According to a Reuter’s news report, Sacramento, California-based Digital Music Group’s hopes to catapult into the digital music market took an unexpected turn today. Shares of the company, priced for its IPO at $9.75, took a plunge at the opening of trading to as low as $8.36 a share. Shares of the offering closed at $9.25 after raising about $38 Million to fund the company’s ongoing operations.
The company buys back catalog and out-of-print recordings by a variety of artists across genres to digitize them and then sell them through online music services, including Apple’s iTune’s store.
The company had originally priced the shares around $8, but thought it could get between $9 and 11. It stands to reason that if they’d kept the original price, the stock may have held steady if investors believed that the company was worth the earlier asking price. By raising the price, the company inadvertently may be leading the market to believe that the digital music landscape continues to be an unsettled one and the risk is greater than the return.
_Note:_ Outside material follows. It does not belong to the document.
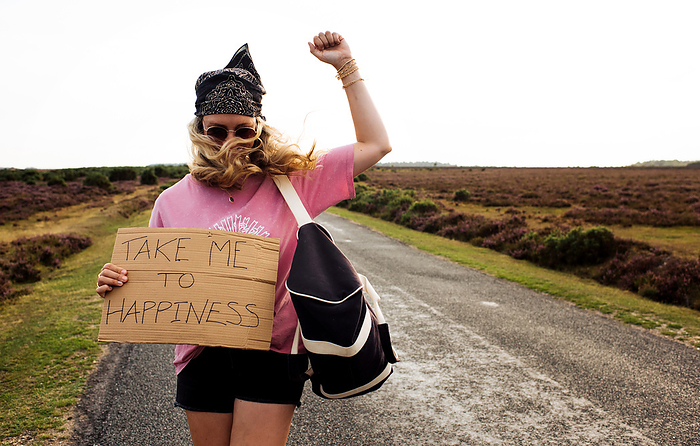 woman protesting with a sign saying take me to happiness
At the end of the day, the fact that a pure digital music play went out to market to raise $38 Million in an IPO does speak to a willingness of investors to accept digital music in its current form as inevitable and a worthwhile investment, despite the various technological and legal restrictions, while entrenching digital content plays into the minds of Wall Street analysts as a viable way to sell music and other digital media and make a profit.
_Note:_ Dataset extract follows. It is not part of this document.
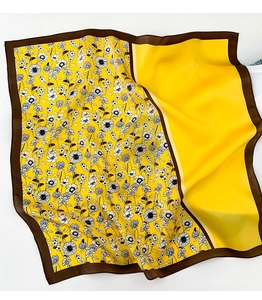 Détail macro du foulard en soie jaune avec imprimé marguerite et bordure marron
Apple iTunes approximatley 500 Million downloads, the Google rumors about Napster and Real Networks 1.2 Million paid subscribers has shown the market that there is a business around the sale of digital content. This IPO confirms it, even though it wasn’t a blockbuster. Companies watching will be tweaking their business plans and readying themselves for the same path soon enough.
Web 2.0 is upon us and I hope we all learned something over the past 5 years.